Ford's Shelby GT350 Mustang throws a left hook at the BMW M4 – will it land the punch or miss the mark when it launches in 2015?
It's a rare event that I get excited for a new car launch. The vast majority of cars are unremarkable, and the select few that are mouth-wateringly desirable are tongue-biting expensive.
I usually find some nit to pick at the launch of even the most desirable supercars, and this typically boils down to a mental exercise my brain plays to reduce the pain of never owning said car because I can't afford it, or am unwilling to dish out the required dollars. "I would buy that 458 Italia Speciale, but gosh those intakes are so angular."
It's a real humdinger then, when a car launches in the glow of perfection. Every detail having been honed and perfected, your eyes and ears are left with nothing but captive adoration. Those chrome air vents that reflected sunlight in your eyes: deleted. The void between the rear wheels where a limited–slip diff should sit: filled.

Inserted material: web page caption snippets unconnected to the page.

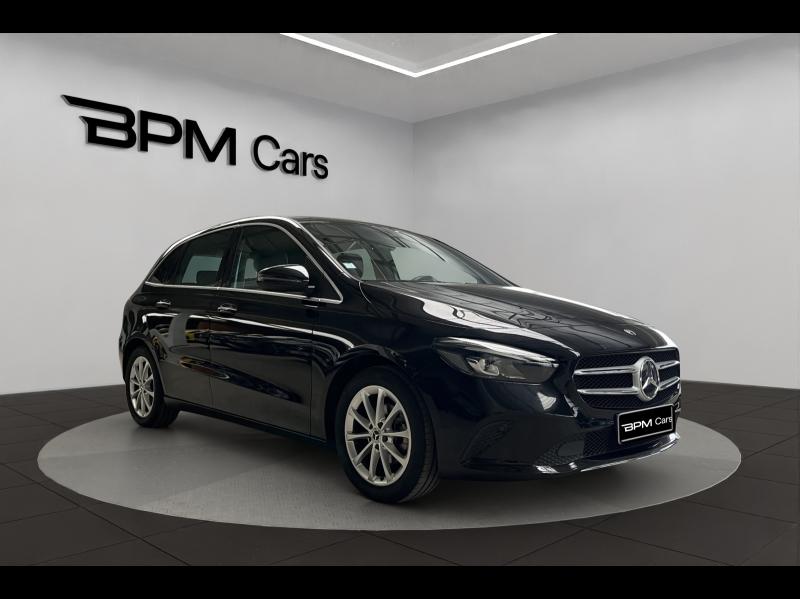 Image MERCEDES-BENZ Classe B 180d 116ch Progressive Line 7G-DCT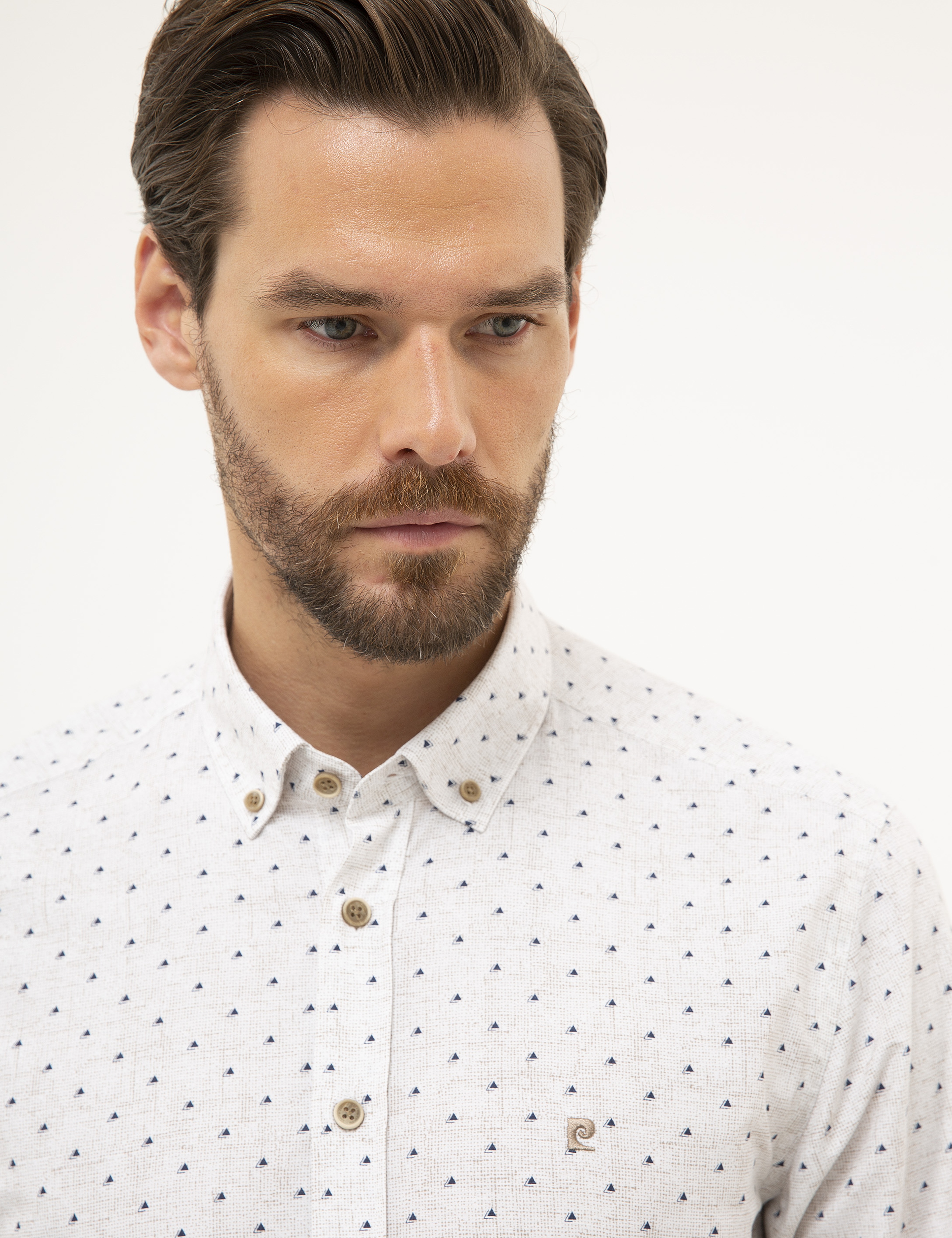 Vizon Slim Fit Gömlek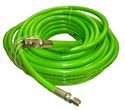 Picture of 1/2" x 100' Sewer Jetter Hose 4,000 PSI Green (SOLxSWV)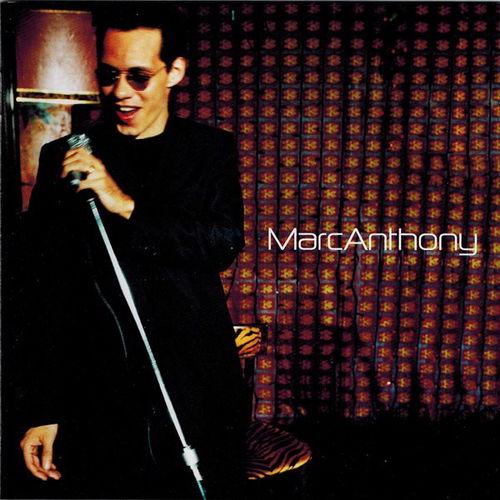 Marc Anthony - Marc Anthony (CD)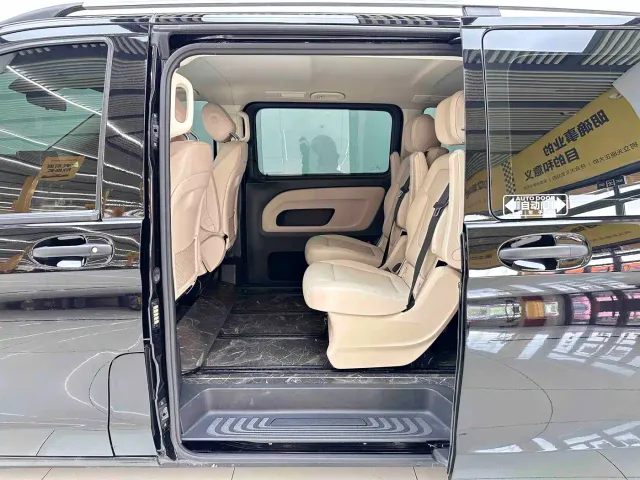 Mercedes-Benz Vito — Фото автомобиля 11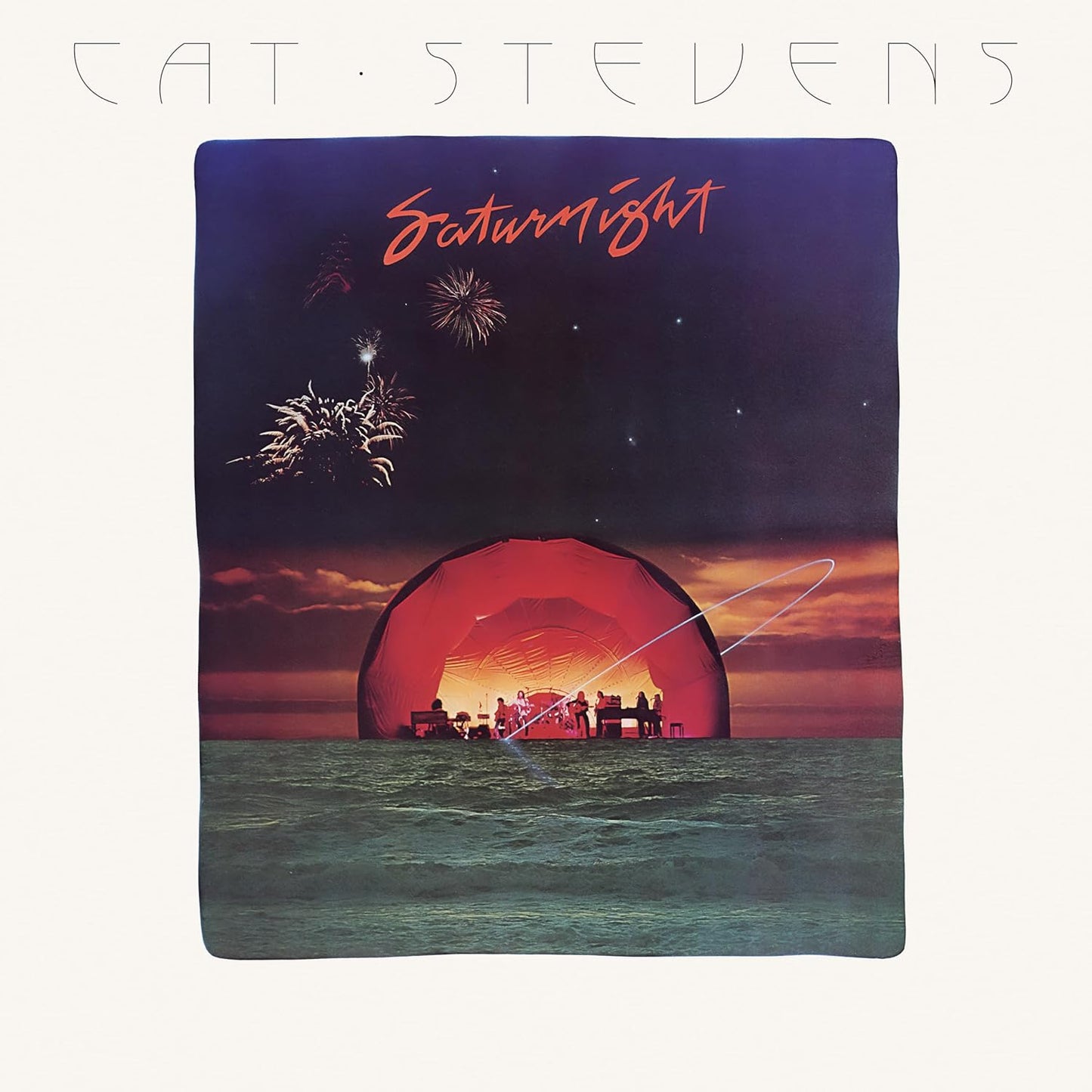 Yusuf / Stevens, Cat/Saturnight: Live In Tokyo [LP]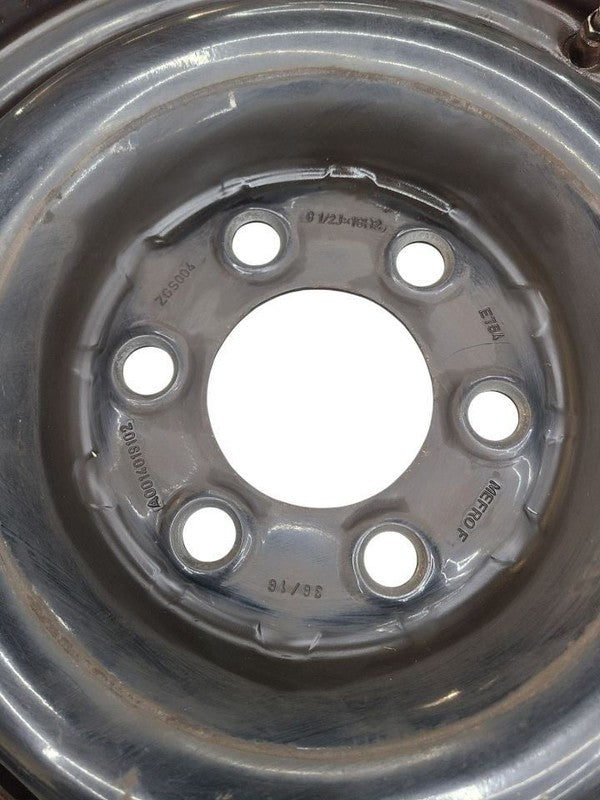 Wheel 16x6-1/2 Steel 18 Hole Fits 10-26 MERCEDES SPRINTER 2500 679681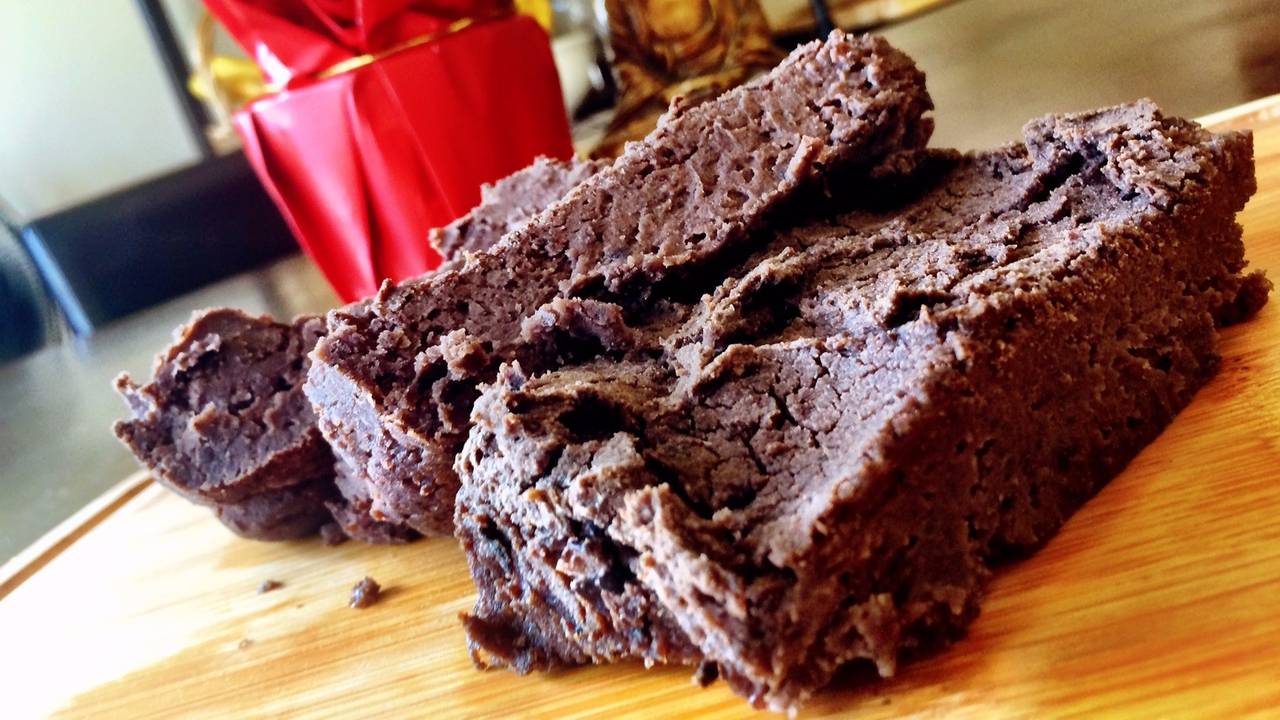 Healthy Fudge Brownie Recipe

Of course, no car is perfect, but a few come very close to perfection. The Porsche 911 (GT3, above all), BMW M5, Ariel Atom, Rolls-Royce Ghost, Jaguar F-Type, Ford Fiesta ST – they're all cars that strike at perfection in their unique corners of the market and at various price points; they're all cars that constitute more than the sum of their parts, cars that are animated, characterful and – dare I say – magical. They're cars that allow you to overlook the few misgivings they have because the package is otherwise truly excellent and intoxicatingly rewarding to drive.
This brings us to the launch of the Shelby GT350. Nobody saw this coming – not to this degree of excellence.
The original GT350 was Carroll Shelby's first kick at the street-legal high(er) volume performance car can. Shelby's mandate with the GT350 was clear from the beginning, but the lump of clay that Ford continually handed him was, well… lumpy. Even Shelby – an accomplished racer and designer – couldn't quite shape the Mustang into a full-on world-class competitor on the same stage as BMW, Porsche, Ferrari, Lotus and other admittedly more expensive sports cars.
Fast-forward to 2011 and the GT350 nameplate was resurrected after a 40-year hiatus – but ultimately amounted to a bolt-on parts job by a tired Shelby garage that had yet another mediocre sports car platform to start with (can you say "wagon-axle?").